Data Gap Detection Triggers
The agent should check for data gaps at these points:
| Trigger | Example Gap | Action |
|---|
| Missing physical dimensions | No GA/MD drawing → can't size equipment | Request AA/MD docs |
| Missing operating conditions | No datasheet → unknown design pressure | Request DS docs |
| Upstream/downstream unknown | No P&ID → can't model recycles | Request PI docs |
| Control system needed | No instrument sheets → can't set PID params | Request IN docs |
| Parallel equipment | Only train A data, need train B comparison | Request docs for tag B |
| Material unknown | No material cert → can't check corrosion | Request SP/material cert |
| Vendor corrections needed | Shop test vs predicted curves differ | Request test report (RE) |
Equipment Naming Conventions (NORSOK Z-001)
Standard tag naming for Norwegian continental shelf installations:
| Prefix | Equipment Type |
|---|
KA | Compressor |
PA | Pump |
VA | Valve |
FA | Fan |
HA | Heat exchanger |
DA | Vessel / Separator |
BA | Tank |
GA | Generator |
MA | Motor |
XA | Special equipment |
Backend Configuration (Gitignored — Not Public)
To enable auto-retrieval, create devtools/doc_retrieval_config.yaml.
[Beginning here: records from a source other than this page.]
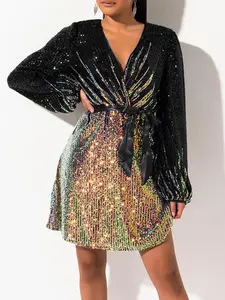 Plus Size Long Sleeves Wrapped V Neck Sequins Skater Style Cocktail Evening Club Dress Formal Top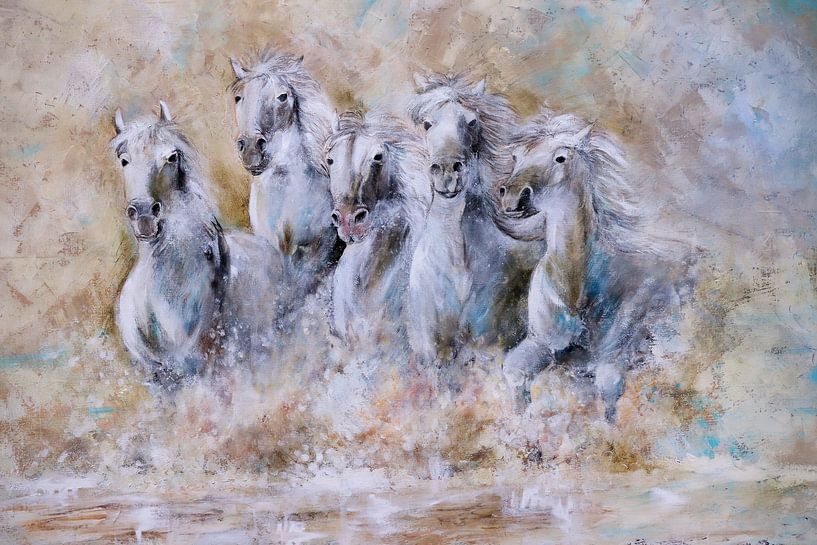 peinture &quot;chevaux blancs&quot;, &quot;chevaux blancs qui courent...&quot; par Els Fonteine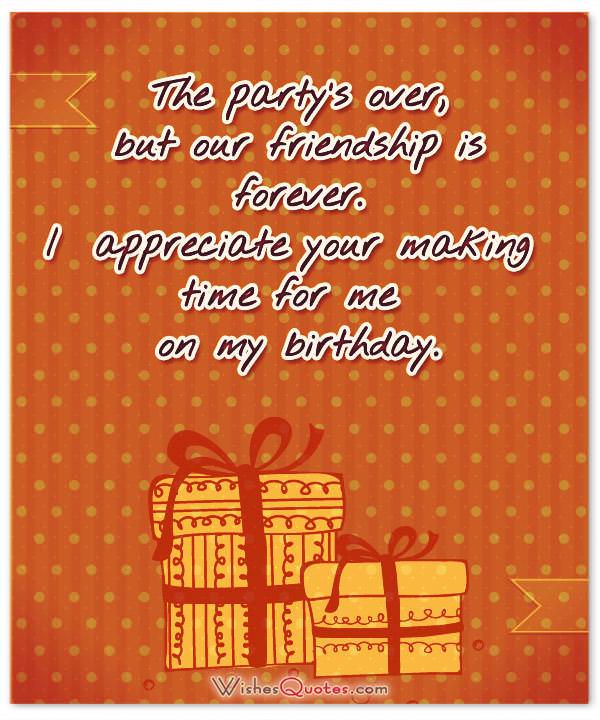 Thank You Messages for Coming to my Birthday Party By WishesQuotes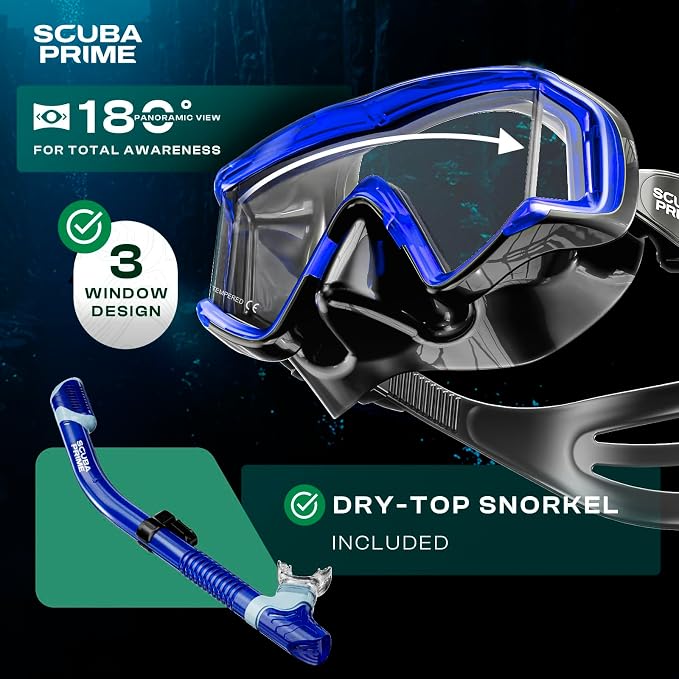 Pano 3 180° Panoramic Dive Mask, Three-Window Tempered Glass Scuba Mask with Dry Top Snorkel, Dual-Layer Silicone Skirt Anti-Leak Diving Gear for Men Women Teens Adults, 4 Color Options
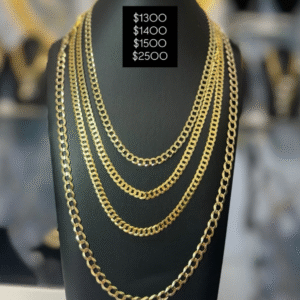 10k gold polished cut chain, size 24.6 mm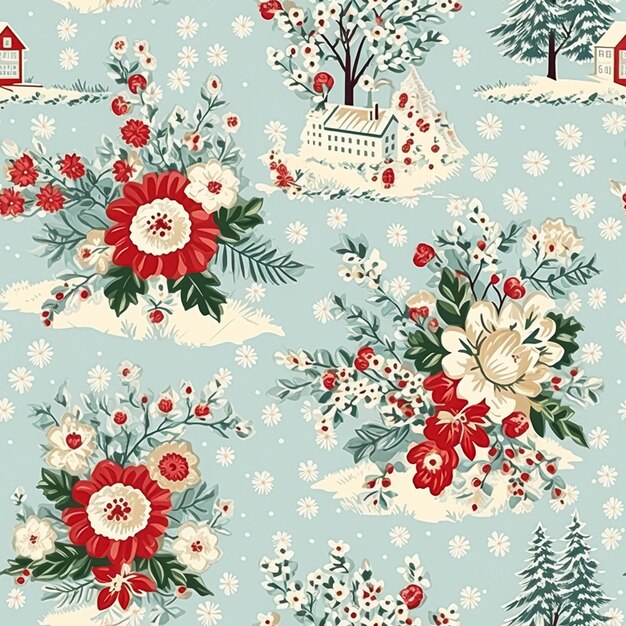 Naadloos patroon tegelbaar kerstvakantie landhuis bloemenstippen afdrukken Engels platteland voor behang inpakpapier, plakboekstof en productontwerpmotief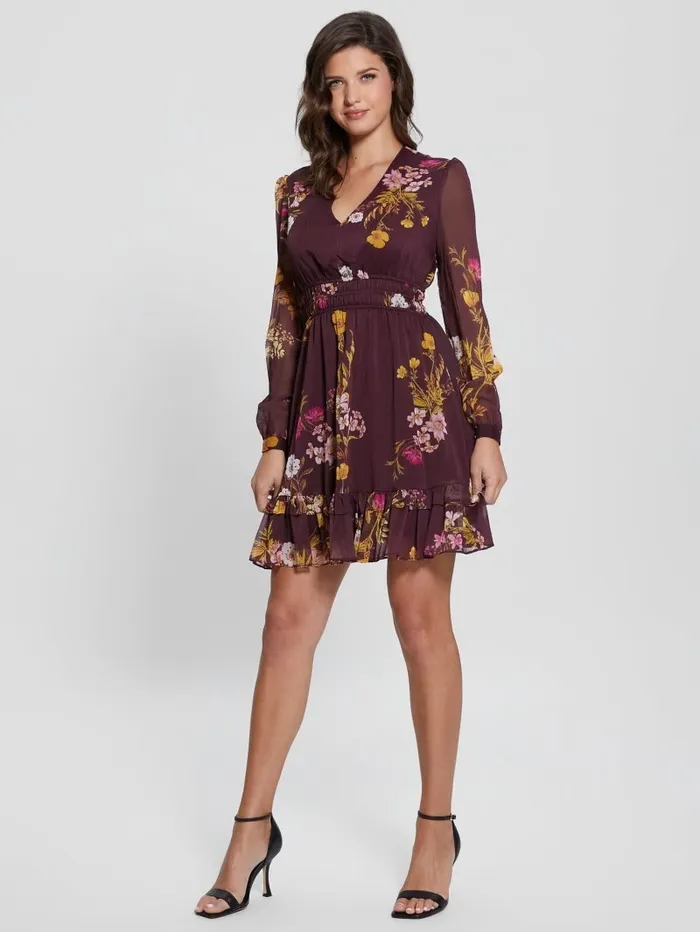 Dresses and Jumpsuits GUESS Women Eco Brigida Chiffon Flare Dress Bountiful Print Dresses and Jumpsuits GUESS Women Eco Brigida Chiffon Flare Dress Bountiful Print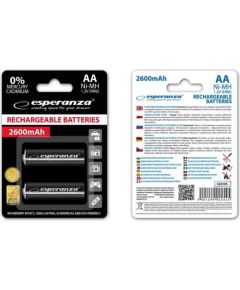 Esperanza EZA105 RECHARGEABLE BATTERIES Ni-MH AA 2600MAH 2PCS - BLACK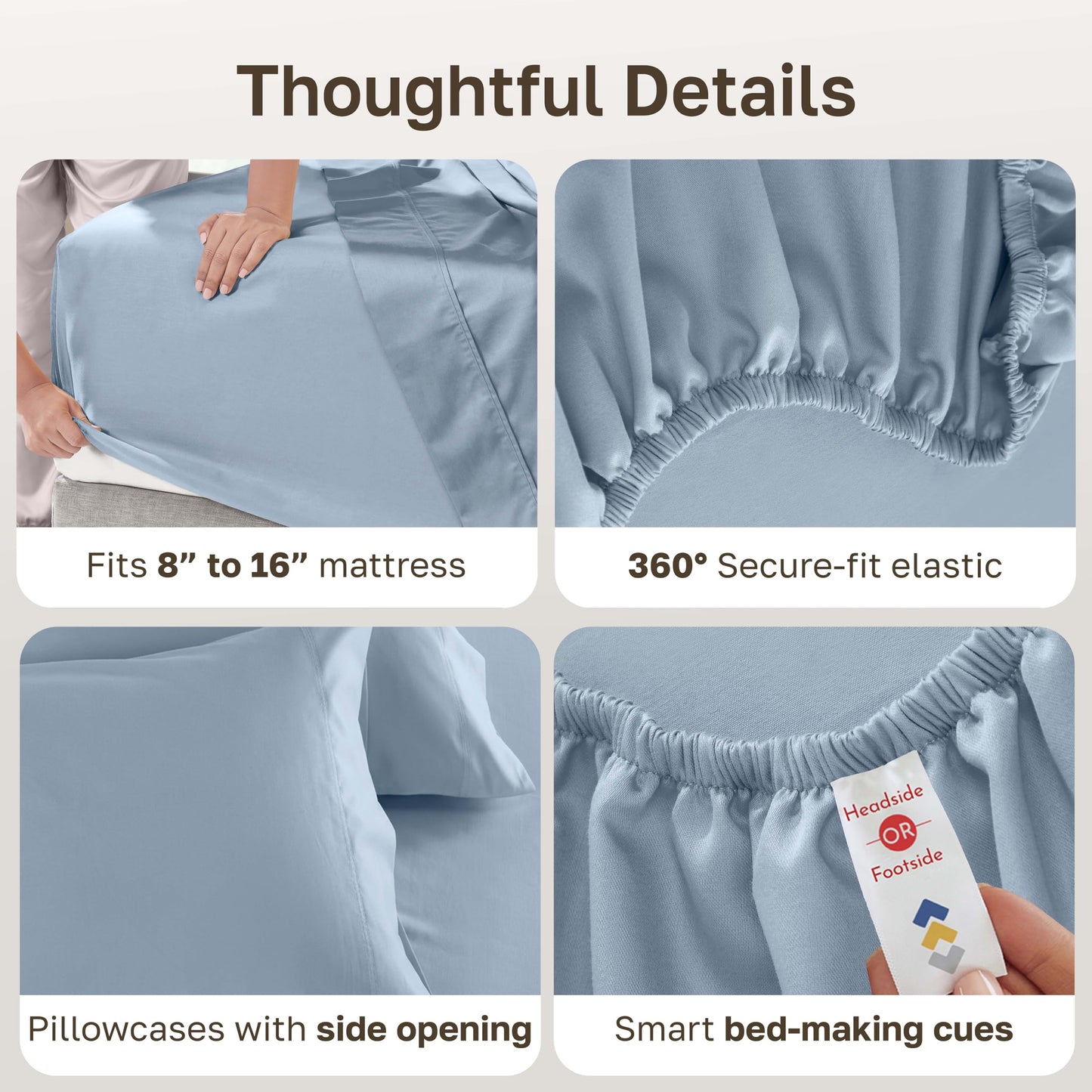 California Design Den - Luxury Full Size Sheet Set - 100% Cotton, 600 Thread Count Deep Pocket Full Size Bed Sheets, Sateen Weave - Blue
This file is in .gitignore and never committed to the public repo.
backend: none
If this file doesn't exist, the task solver works normally — it just
expects documents in references/ instead of auto-fetching them.
Related: STID Tags → Plant Historian → CSV
When STID retrieval identifies equipment tags (e.g., 35-KA001A), the
same tags can be used to read operating data from the plant historian
(OSIsoft PI / Aspen IP.21) via tagreader, and the data should be
saved as CSV inside the task folder for reproducibility.
The full pipeline is documented in the neqsim-plant-data skill:
STID (tag search) → Tagreader (historian read) → CSV (snapshot) → NeqSim (simulation)
See the "STID → Tagreader → CSV → NeqSim Pipeline" section in that skill
for the complete end-to-end example with CSV persistence, data quality
filtering, and digital twin comparison — all saved to the task folder.